» RECORDS SUPPLIED:
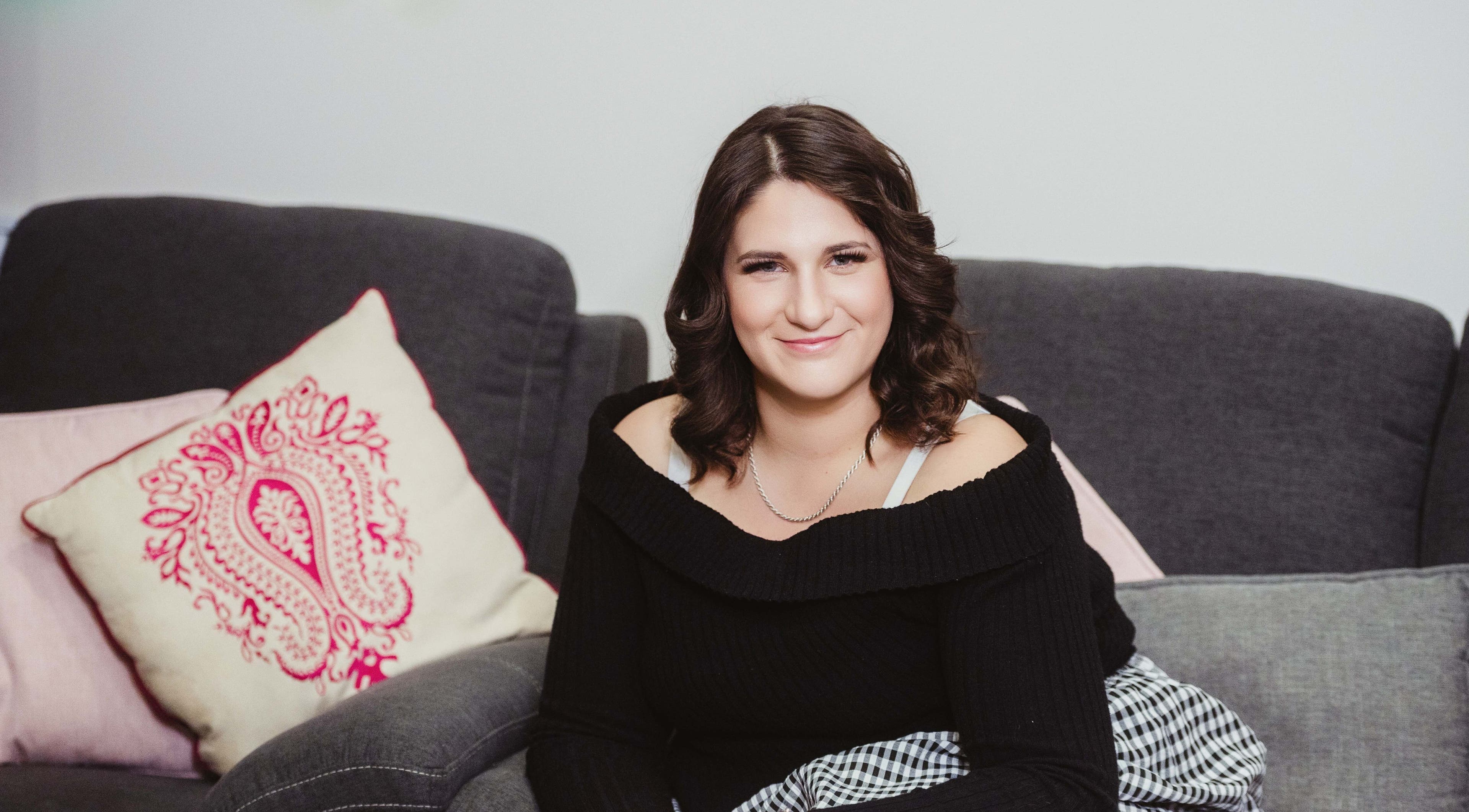 Comfortable seating area at Harmonics Hairdressing, Merbein, Victoria, AU, featuring stylish cushions.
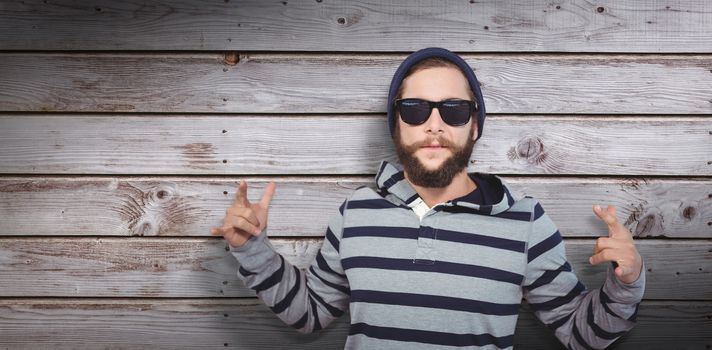 Hipster showing rock and roll hand sign against digitally generated grey wooden planks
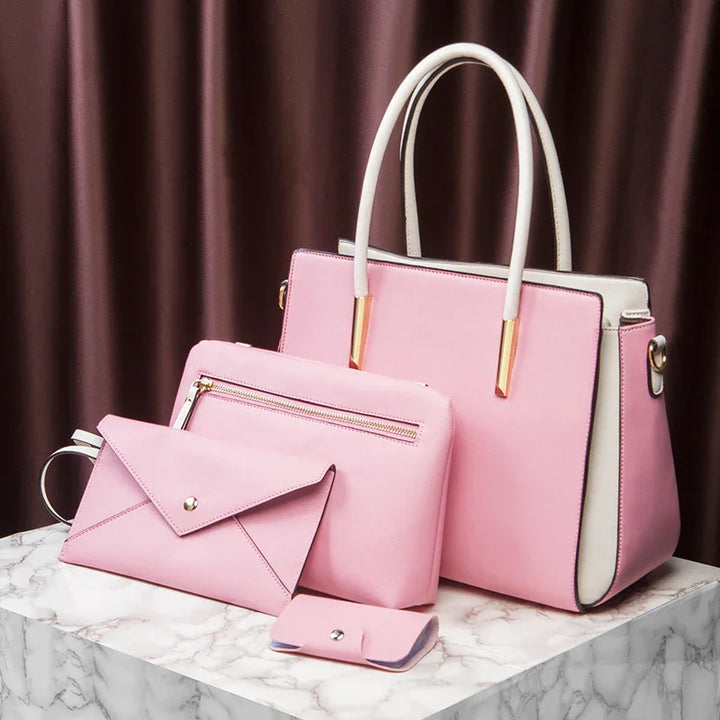 Set of elegant pink faux leather handbags and accessories on marble surface with brown curtain background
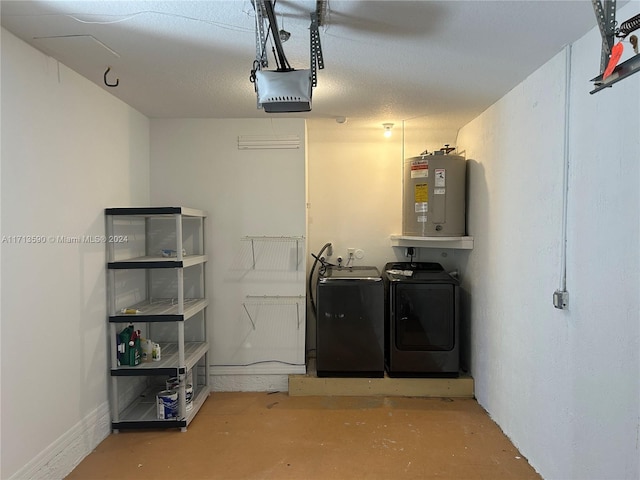 basement featuring washer and dryer and water heater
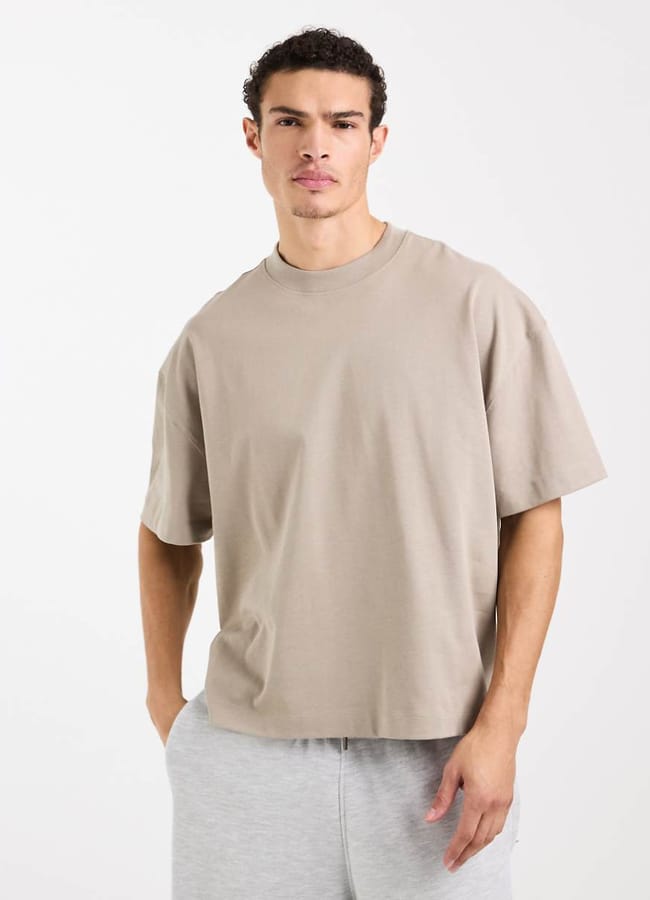 A person wearing a loose beige t-shirt and light grey tracksuit bottoms stands against a plain white background, channelling understated celebrity fashion while looking at the camera with a neutral expression.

» PROBLEM TO SOLVE: Transcribe nothing but the lines from the one containing "Hipster showing rock" through the final line of the records, exactly as written and without pictures.

» WRITTEN SOLUTION:
 Hipster showing rock and roll hand sign against digitally generated grey wooden planks
 Set of elegant pink faux leather handbags and accessories on marble surface with brown curtain background
 basement featuring washer and dryer and water heater
 A person wearing a loose beige t-shirt and light grey tracksuit bottoms stands against a plain white background, channelling understated celebrity fashion while looking at the camera with a neutral expression.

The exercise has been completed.